Please restate word for word each line from the one containing "Two Deep Stout Two Deep Stout" to the last line of the records below, and drop the pictures.

*** Block opens ***

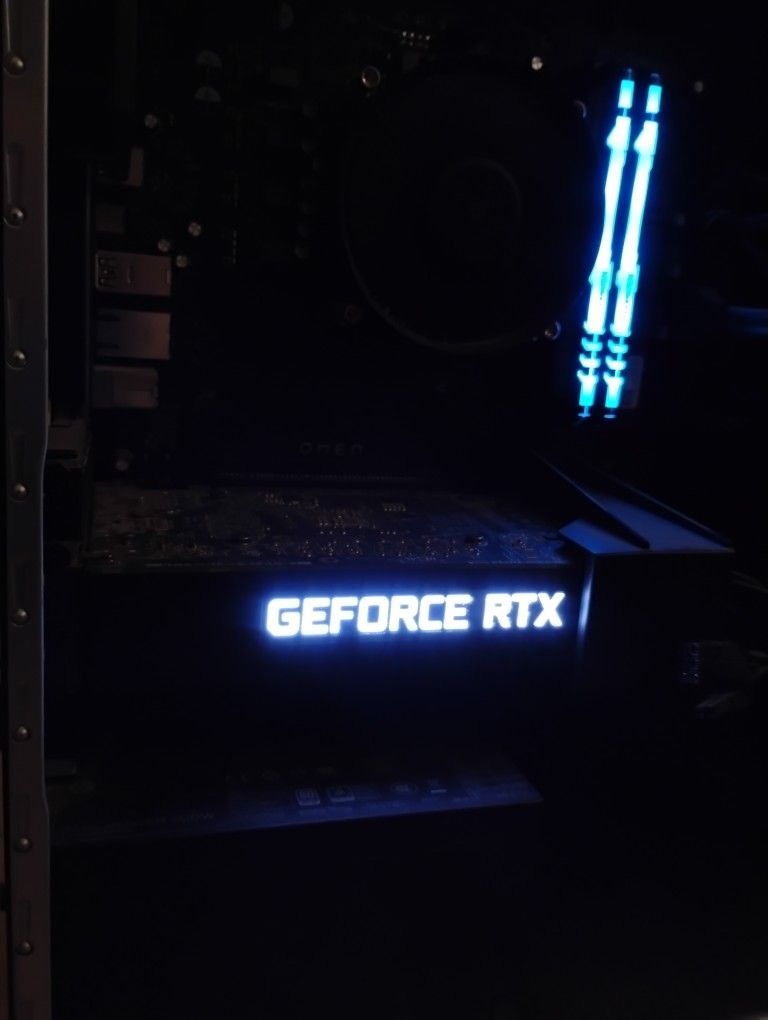 RTX 2060 6gb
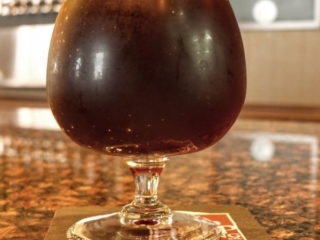 Two Deep Stout Two Deep Stout
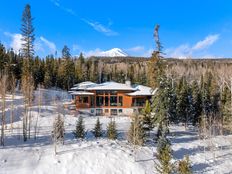 Prestigiosa Casa Indipendente in vendita Silverthorne, Stati Uniti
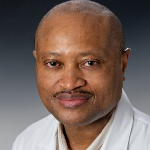 Image of Dr. Maurice U. Udechukwu, MD
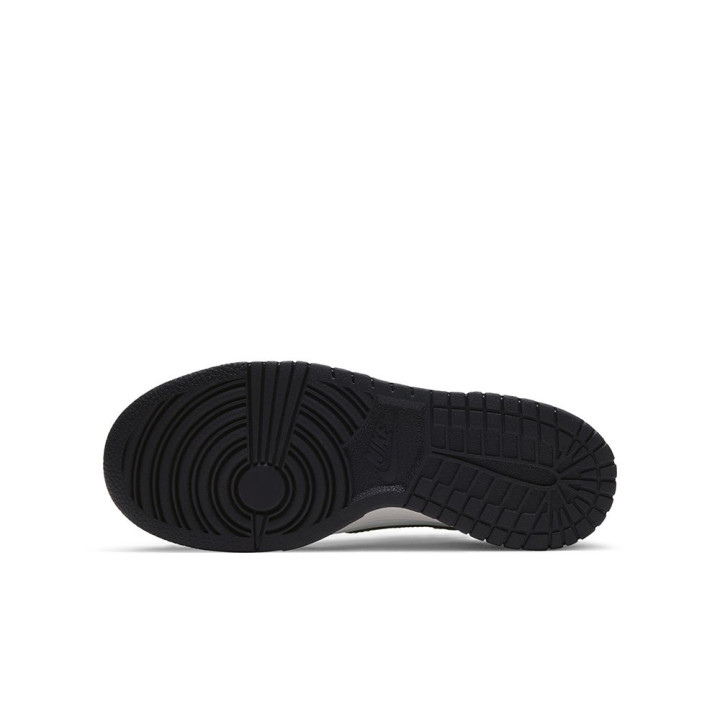 Nike Dunk Low Gs Bianco/Nero - Sneakers Bambino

*** Block closes ***

→ Your solution:
 Two Deep Stout Two Deep Stout
 Prestigiosa Casa Indipendente in vendita Silverthorne, Stati Uniti
 Image of Dr. Maurice U. Udechukwu, MD
 Nike Dunk Low Gs Bianco/Nero - Sneakers Bambino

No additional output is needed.